Can a selection sort algorithm terminate from its loop early the way a bubble sort is able to?

Question

This program will run fine if I do not include the early termination flag, but it only needs 10 sort passes to fully sort the list, not the full 12. However, when the termination flag is included, it terminates the sorting too early. Following the logic, I can see that this happens because after the third pass the array is ordered like this:

with the index i currently at 7, there are no lesser values to swap it with, so the flag does not get a value of 1 assigned to it and the loop terminates. So I guess my question is, is it possible to break out of a selection sort algorithm early and still fully complete the sort?

#include<stdio.h>
int main()
{
     int list[13]= {23,8,4,7,22,18,39,42,5,88,16,11,3};
     int temp,min,flag;
     printf( "Before Sorting\n" );
     printf( "23 8 4 7 22 18 39 42 5 88 16 11 3\n" );

for( int i=0; i<12; i++ )
    {
        flag = 0;
        min = i;

        for( int j=i+1; j<13; j++ )
            {
                if( list[j]<list[min] )
                    {
                        flag = 1;
                        min = j  ;
                    }
            }

        if( !flag )
            break;

        temp = list[i];
        list[i]=list[min];
        list[min]=temp;

        printf( "\nAfter Pass %d.\n",i+1 );
        for( int i=0; i<13; i++ )
            printf( "%d ",list[i] );

        printf( "\n" );
    }

return 0;
}

Answer 1

Indeed you can.
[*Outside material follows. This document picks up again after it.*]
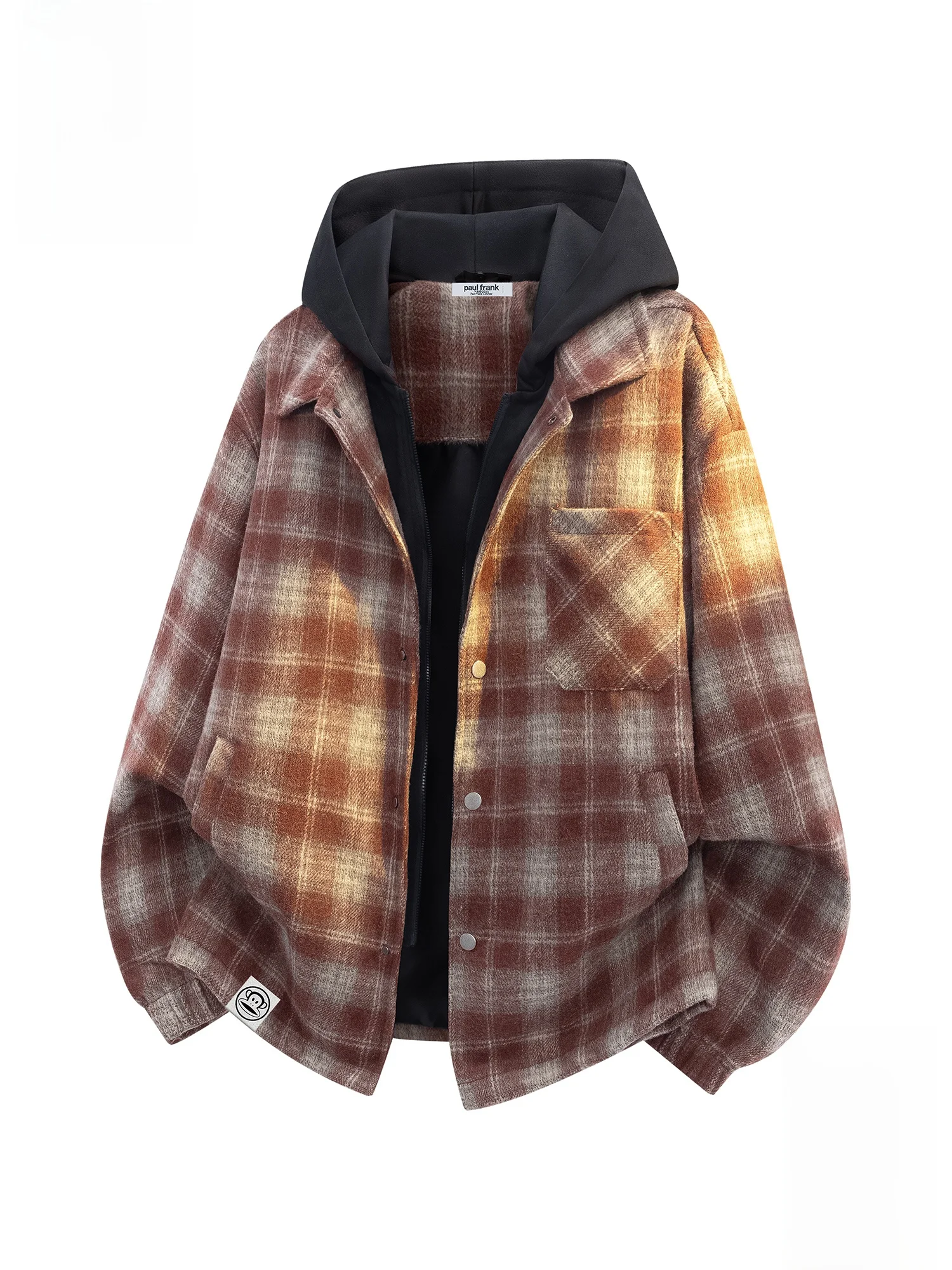 

Мужская куртка Paul Frank в стиле ретро, красная, в клетку, с капюшоном, весенняя, для пар, имитация двухслойности, повседневная, приталенная, на молнии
Here is such an implementation,

int selsort(int v[], int n){

  bool sorted = false; // v not known to be sorted
  int  i = 0;          // i smallest elements in place 

  while(!sorted){
    // find min v[i..n-1]
    // check if v[i..n-1] is sorted

    int  j   = i+1;
    int  min = i;    // position of minimum of v[i..j-1]
    sorted   = true; // v[i..j-1] sorted

    while(j<n){
      if(v[j]<v[min]) min = j;        // update min
      if(v[j]<v[j-1]) sorted = false; // update sorted
      j++;
    }

    if (!sorted){
      // place min v[i..n-1] in v[i]
      int aux = v[i];
      v[i]    = v[min];
      v[min]  = aux;      

      i++;
    }
  }

  return EXIT_SUCCESS;
}

As usual, in iteration i we start with v[0..i-1] sorted with the i smallest elements of the array in the correct place. So we want to find the min v[i..n-1] to put in position i. In this variant, as we do that we also check if v[i..n-1] is sorted. If it is sorted then there is nothing else to do.

Your implementation

In your implementation, the way you test for an ordered segment is wrong.

if( list[j]<list[min] )
    {
        flag = 1;
        min = j  ;
    }

Your flag will stay at 0 as long as you don't have to update the minimum in the inner loop. So any segment with the minimum in the first position will be considered sorted.